"""

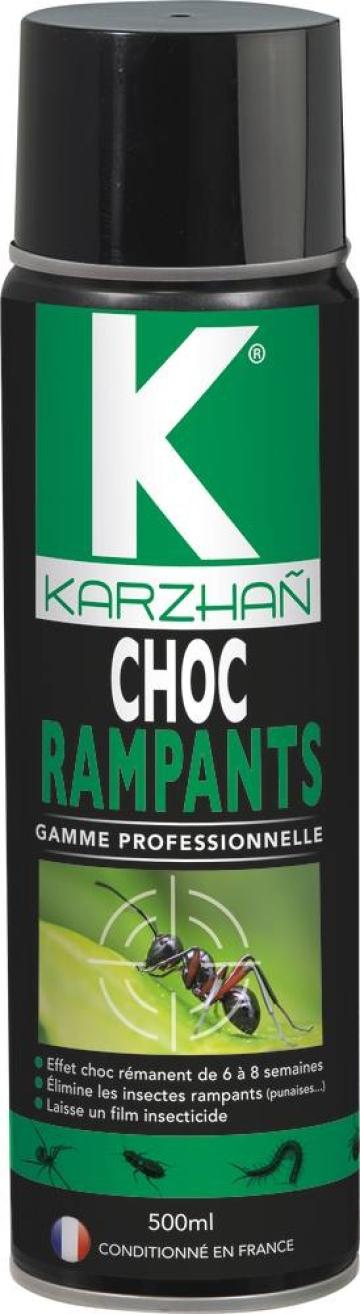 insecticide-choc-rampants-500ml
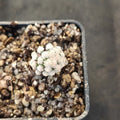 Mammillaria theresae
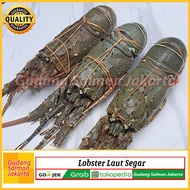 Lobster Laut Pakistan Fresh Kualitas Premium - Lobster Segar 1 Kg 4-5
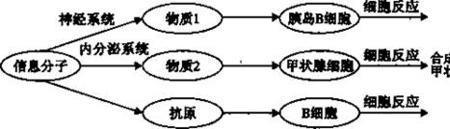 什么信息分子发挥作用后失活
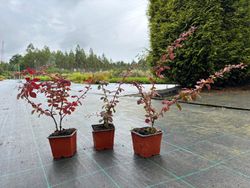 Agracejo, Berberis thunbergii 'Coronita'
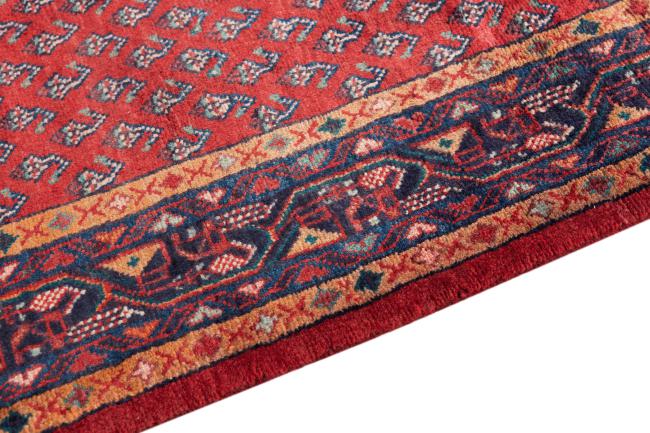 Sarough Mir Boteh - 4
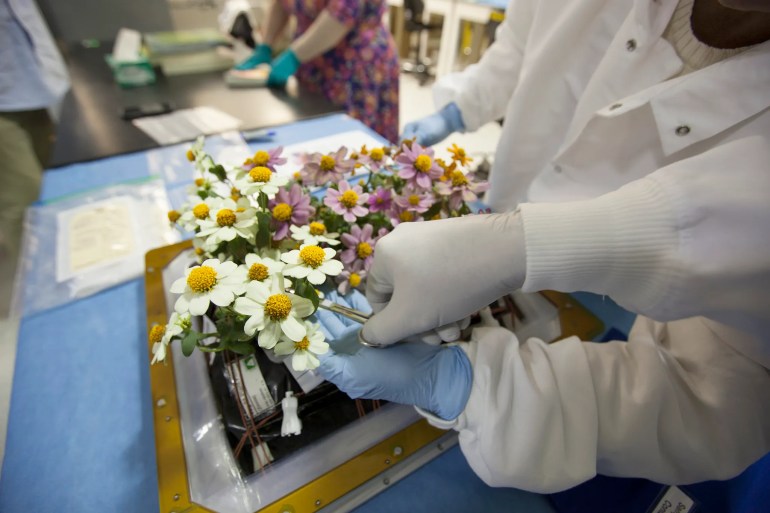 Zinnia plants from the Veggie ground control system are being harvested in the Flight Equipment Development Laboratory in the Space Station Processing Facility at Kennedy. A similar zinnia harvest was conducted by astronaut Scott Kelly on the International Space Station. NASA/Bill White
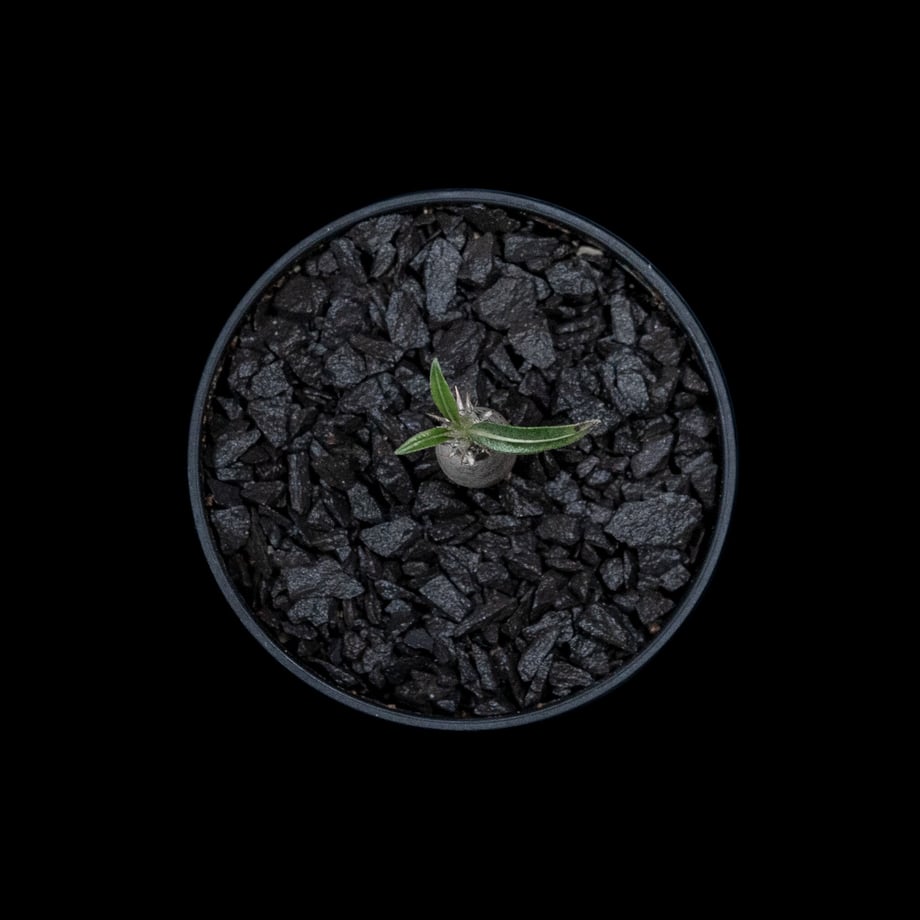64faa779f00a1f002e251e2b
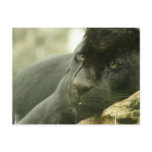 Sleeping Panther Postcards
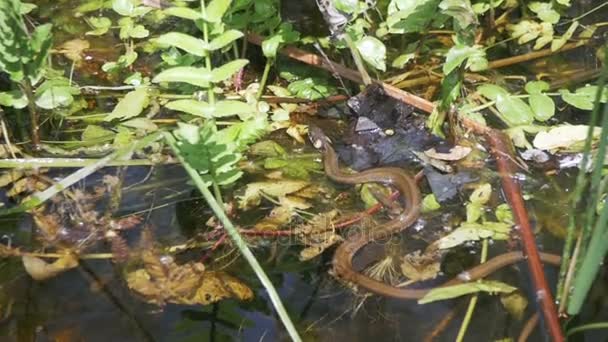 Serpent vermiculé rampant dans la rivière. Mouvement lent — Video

"""

TO DO.
Return all records verbatim and drop the pictures.

TASK SOLUTION.
 insecticide-choc-rampants-500ml
 Mammillaria theresae
 Lobster Laut Pakistan Fresh Kualitas Premium - Lobster Segar 1 Kg 4-5
 什么信息分子发挥作用后失活
 Agracejo, Berberis thunbergii 'Coronita'
 Sarough Mir Boteh - 4
 Zinnia plants from the Veggie ground control system are being harvested in the Flight Equipment Development Laboratory in the Space Station Processing Facility at Kennedy. A similar zinnia harvest was conducted by astronaut Scott Kelly on the International Space Station. NASA/Bill White
64faa779f00a1f002e251e2b
 Sleeping Panther Postcards
 Serpent vermiculé rampant dans la rivière. Mouvement lent — Video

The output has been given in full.